| Data supplied |

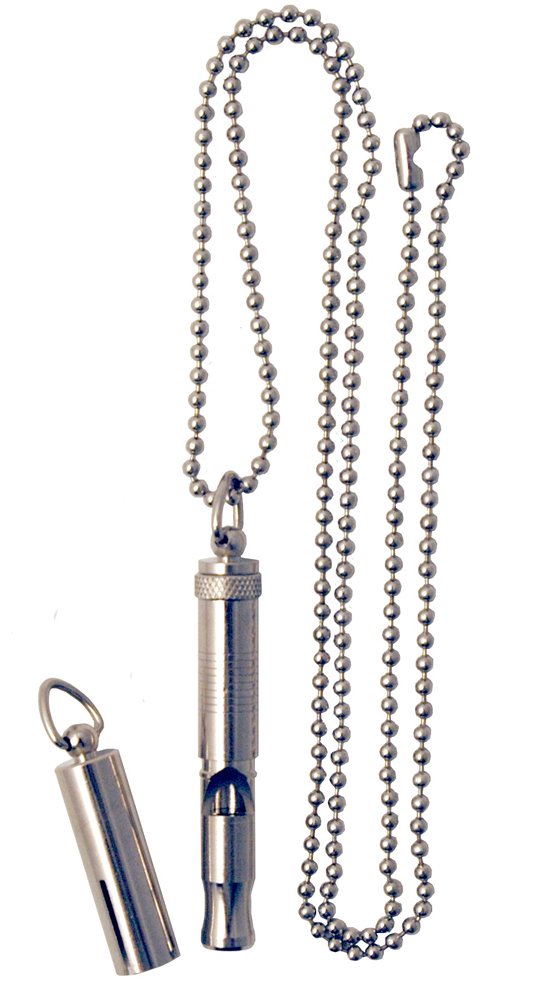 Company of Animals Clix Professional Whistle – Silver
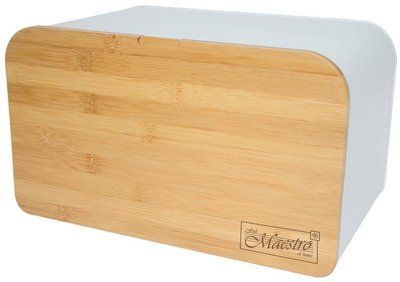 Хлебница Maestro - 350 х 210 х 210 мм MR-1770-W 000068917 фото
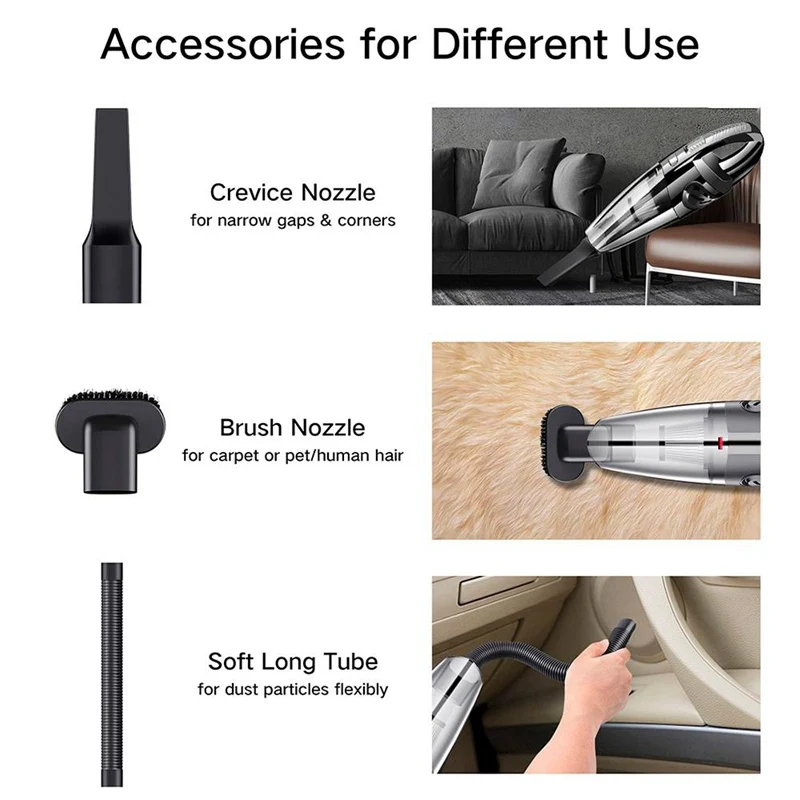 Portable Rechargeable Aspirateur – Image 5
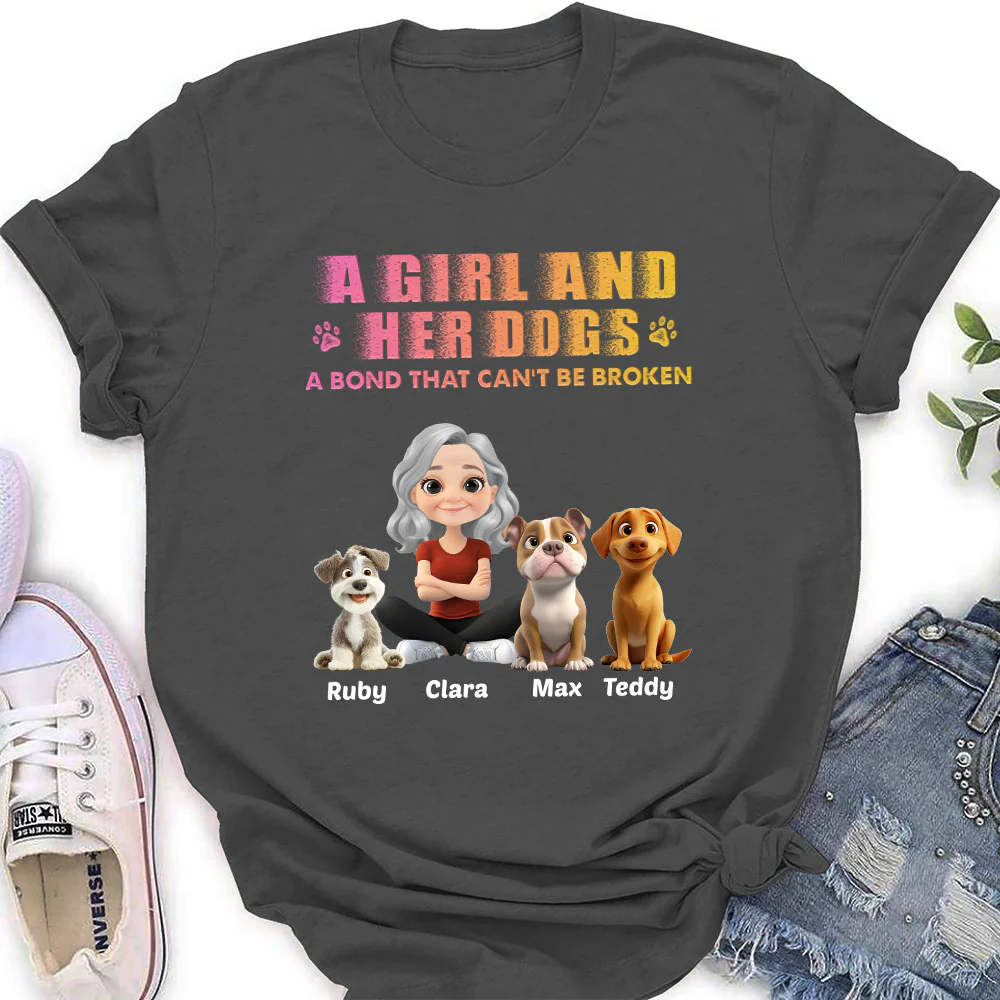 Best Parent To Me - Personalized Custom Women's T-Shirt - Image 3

* * *

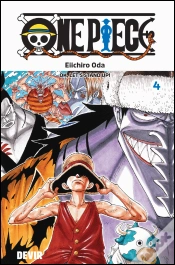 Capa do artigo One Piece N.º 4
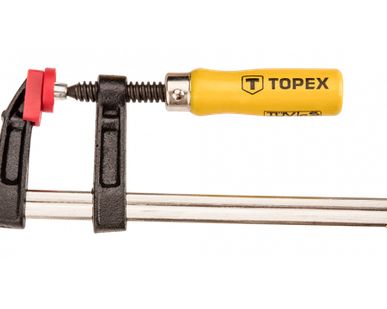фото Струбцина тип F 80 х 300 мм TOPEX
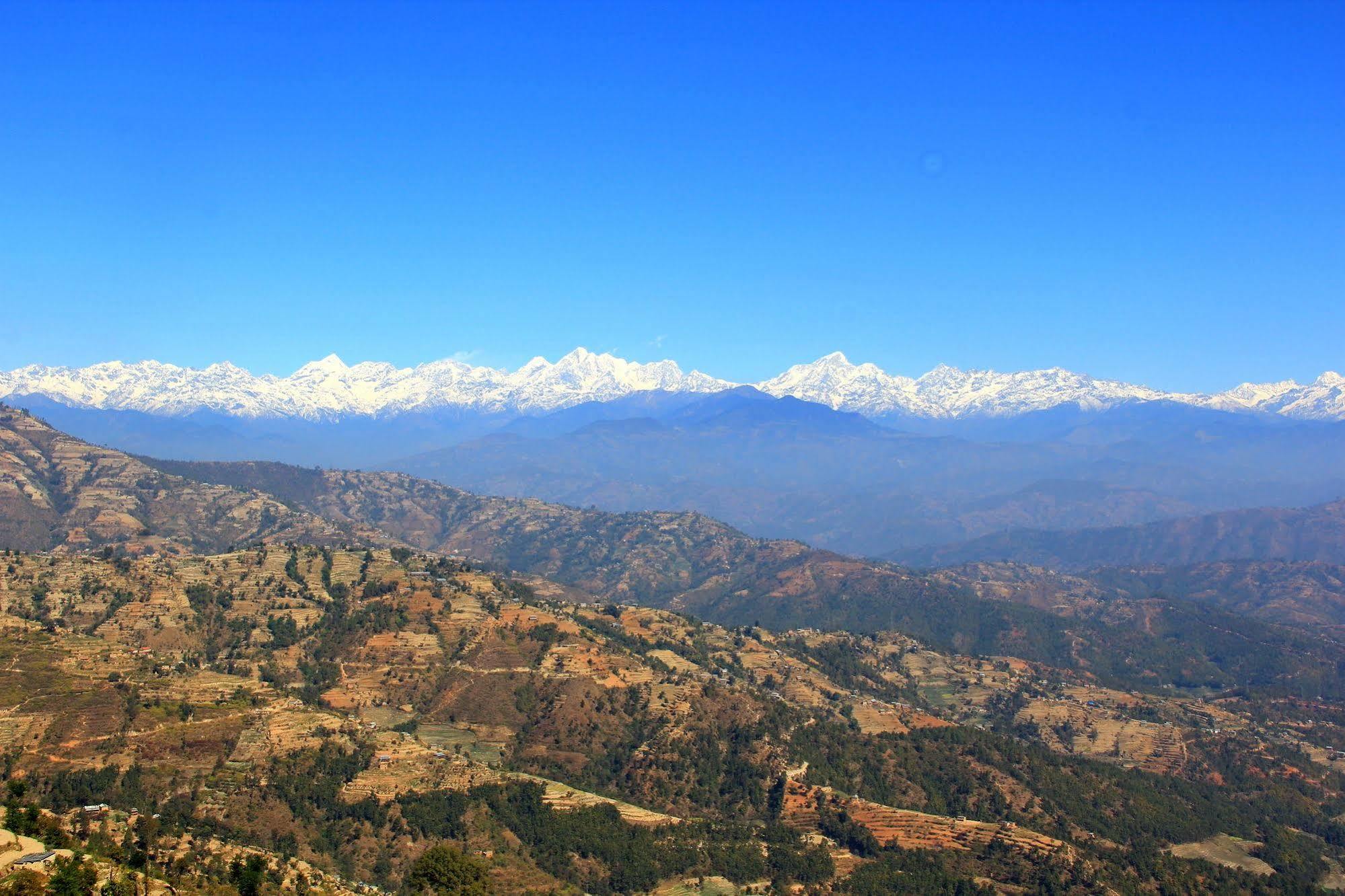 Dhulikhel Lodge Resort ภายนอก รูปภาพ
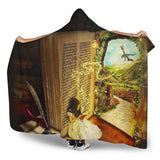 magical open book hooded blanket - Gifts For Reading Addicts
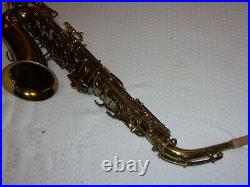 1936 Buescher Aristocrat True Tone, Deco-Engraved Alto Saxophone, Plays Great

---

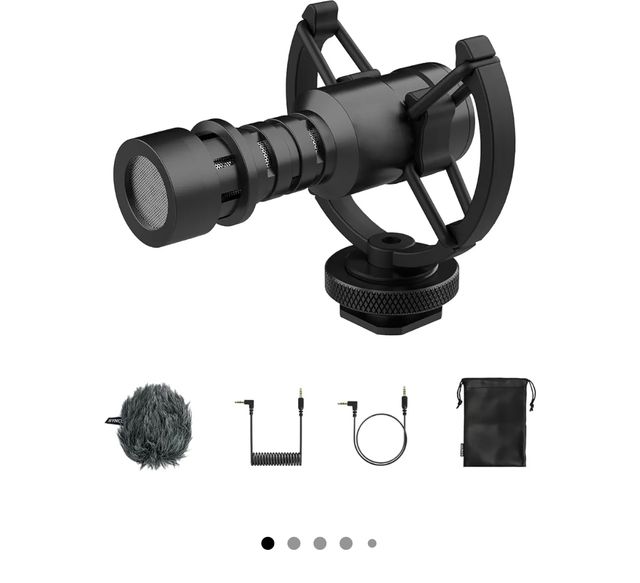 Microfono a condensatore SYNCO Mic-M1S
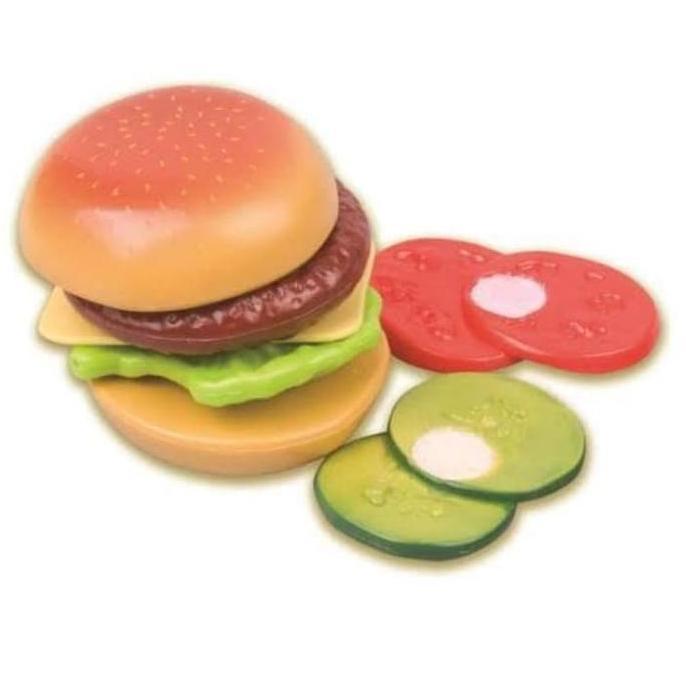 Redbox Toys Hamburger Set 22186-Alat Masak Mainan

| What is being asked |
Using the entries above, transcribe every line from the line containing "Company of Animals" through the line containing "Best Parent To". Do not copy pictures.

| Answer to the problem |
 Company of Animals Clix Professional Whistle – Silver
 Хлебница Maestro - 350 х 210 х 210 мм MR-1770-W 000068917 фото
 Portable Rechargeable Aspirateur – Image 5
 Best Parent To Me - Personalized Custom Women's T-Shirt - Image 3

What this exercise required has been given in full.